For Atlanta-based Gridline, A Tech Solution Could Bring More People Into Alternative Investing

The alternative investing ‘universe’ of private equity, venture capital, or other illiquid assets has long struggled with two problems: It’s expensive to enter and difficult to navigate.

While over $13 trillion is invested in the alternatives space currently, it remains “incredibly opaque” and only available to institutional investors, according to Logan Henderson.

Henderson was trying to find a “broader and more expansive investable universe” for his own investing needs and wanted to evaluate potential funds more efficiently. 

That can be difficult to do given the sheer volume of funds out there. 

“When you’re investing in private markets, there’s typically a long investment lifecycle. So you need to make sure you’re investing in top-performing managers,” he told Hypepotamus. 

He couldn’t find a platform to help him navigate the space, so he built Gridline to do just that. And it is set to open private markets to more potential investors.

 

AN ALTERNATIVE LOOK AT ALTERNATIVES 

Gridline users fall into three main categories: Individuals who want more control over their investment portfolio, independent investment advisors who want to build “client-centric portfolios,” and family offices looking to build an “emerging manager program.” 

The goal, Henderson said, is to help these people “access the products that endowments and sophisticated institutional investors have access to and leverage to drive superior returns.” 

Gridline works as a marketplace for users to “discover, deploy and manage alternative investments.” 

After filling out an investor questionnaire and going through an automated validation process, users can search for early-stage, late-stage ventures, or other products based on individual investing goals. Investments can also be filtered by asset class, geography, and other metrics. 

“It’s a self-directed process, but you’re doing this from a curated portfolio.

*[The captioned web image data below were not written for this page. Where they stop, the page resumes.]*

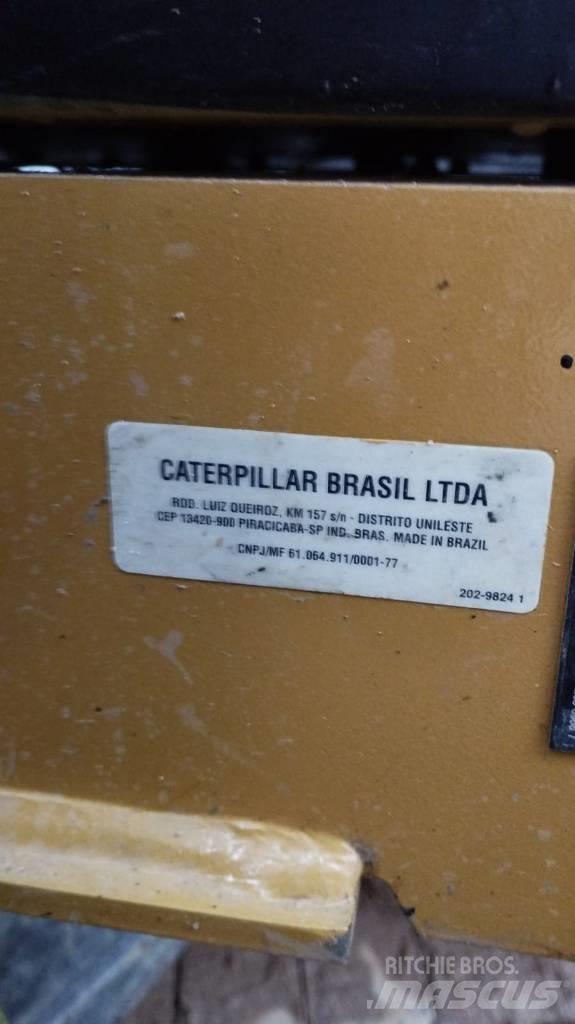 CAT 313D2L Lánctalpas kotrók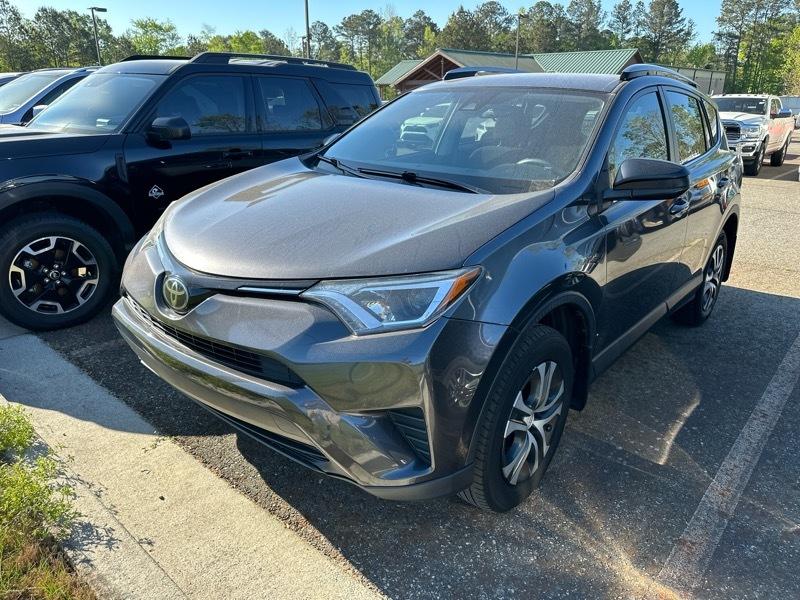 Toyota RAV4 LE FWD (Natl) 2018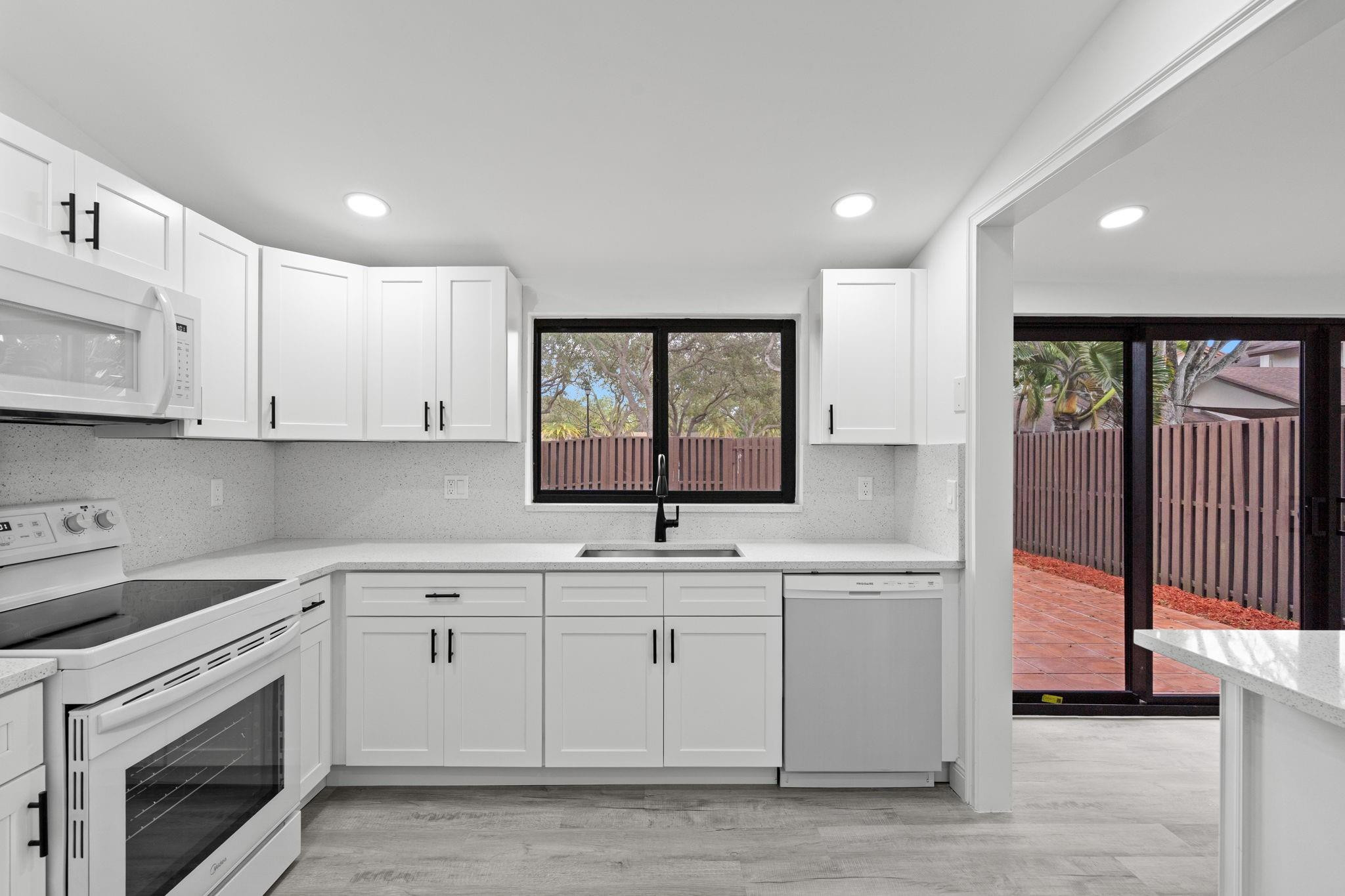 VALENCIA TOWNHOMES - Residential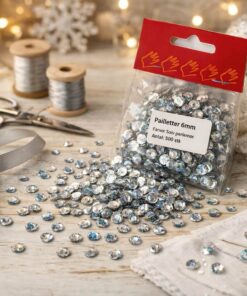 Pailletter 6 mm i sølv perlemor i pose med 500 stk, vist med hobby- og sytilbehør på lys baggrund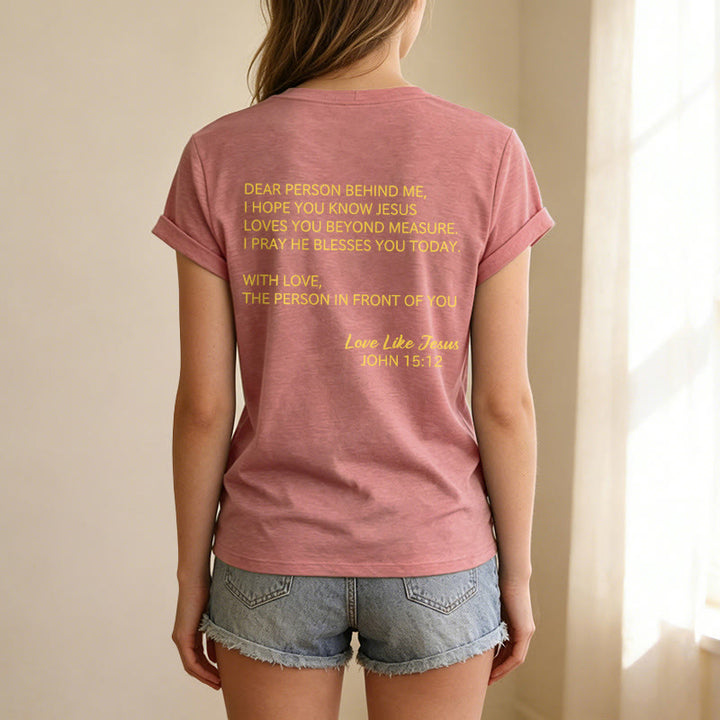 Christianartworkshop Querida persona detrás de mí Texto completo en la espalda Juan 15:12 Versículo en la parte delantera Eslogan de amor Camiseta informal con cuello en V - image 11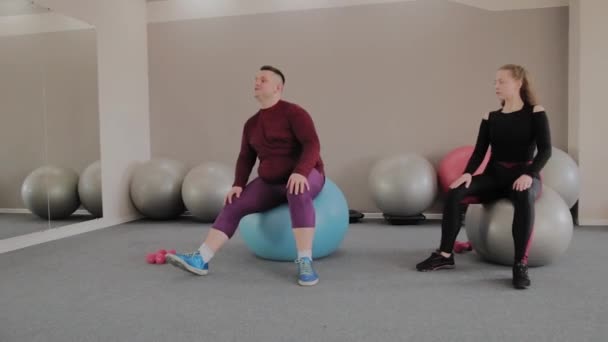 Positivo gordura casal exercício com bolas de fitness — Vídeo de Stock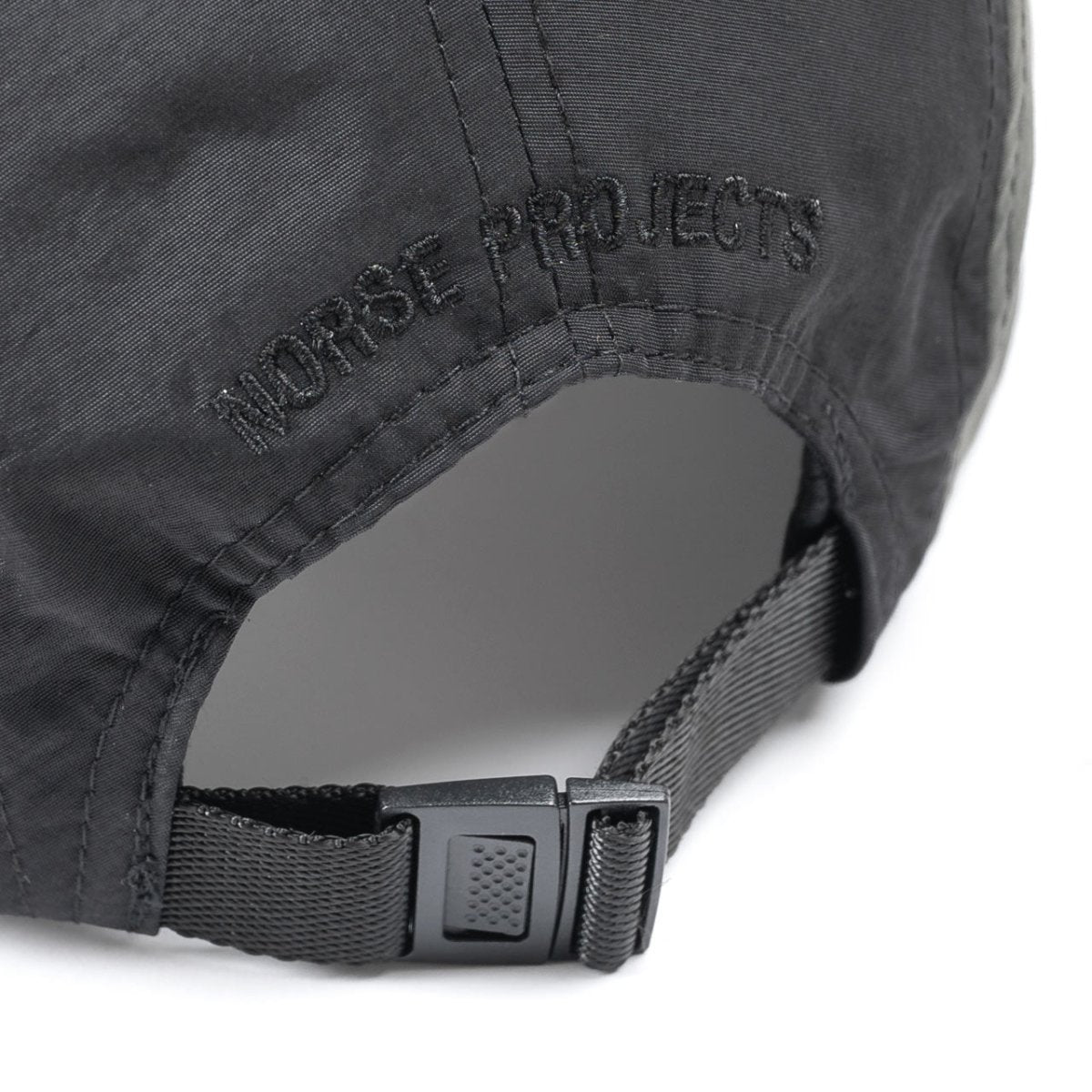 Norse Projects Nylon 4 Panel Cap (Schwarz)  - Allike Store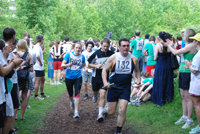 Bild: Impressionen von der Finnbahn 2012. Jedes Team läuft 20 Runden á 500 Meter auf der Finnbahn südlich der Universität. Foto: Universität Bielefeld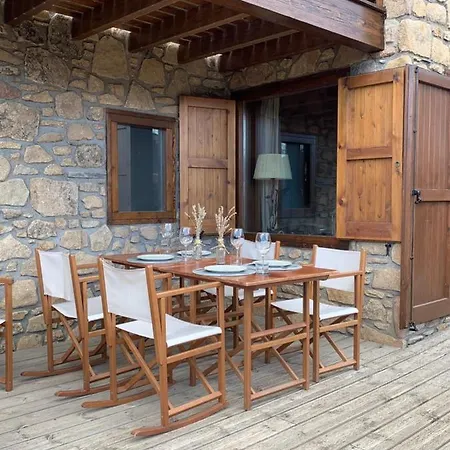 Casa En Residential Con Jardin Y Piscina Feriehus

It’s not everything under the sun,” added Henderson. “It’s not anyone who’s out there trying to raise capital. We engage with all the fund managers and perform due diligence. We make sure that the team and the managers are capable of executing against the stated strategy.”

In addition, Gridline looks to make the space less “cost-prohibitive and inefficient” to enter. 

Traditionally, the entry point in private markets could be upwards of $1 million.

Gridline lowers that to $100,000. That minimum might continue to drop, Henderson added, as regulations continue to relax.

The marketplace also opens up new opportunities for traditional funds. As Henderson puts it, ”Gridline provides [firms] with a wider investment audience and ultimately a wider pool of capital, but they’re still engaging with Gridline as a single LP. Then we take care of the administrative tasks like treasury management, capital calls distributions, performance reporting, tax reporting.”

 

WHERE GRIDLINE GROWS FROM HERE

After officially launching last month, Gridline just announced a $9 million funding round of its own. The list of local investors involved reads a bit like a “who’s who” of the local tech and wealth management ecosystem. 

Atlanta-based investors include David Dorman (former CEO of AT&T), David Cummings (founder of Atlanta Ventures and Pardot), Edwin Marcial (founding CTO at Intercontinental Exchange), Kyle Porter (founder and CEO of SalesLoft), Garrett Langley (founder and CEO of Flock Safety), Tim Kopp (CEO of Terminus), and Jon Hallett (board advisor or director to 30+ venture-backed companies). 

Atlanta funds Tech Square Ventures and BLH Venture Partners also joined the round.

 

 

The Gridline team is currently 14 employees, mostly concentrated on the engineering and product side. The marketing team is focused on making the startup a go-to resource for those looking to better understand the alternative investing space. 

Henderson is uniquely positioned to lead such a team. He previously served as CEO of Salesfusion (acquired by SugarCRM) after doing M&A work in the technology space.  

80 percent of the team is based in Atlanta, which Henderson said is a nod to the city’s FinTech and enterprise software scene. 

“Most people would say, why would you not build this in New York? Well, we see building in the Atlanta market as a competitive advantage,” he added. “Many [competitors] come from banking or private equity. But where they fall in short is the technology needed to support this business model. So coming from a really strong enterprise software background gives us a competitive advantage to deliver something that, frankly, people have tried and failed to do in the past.”

Henderson added that the team plans to double over the next 12 months.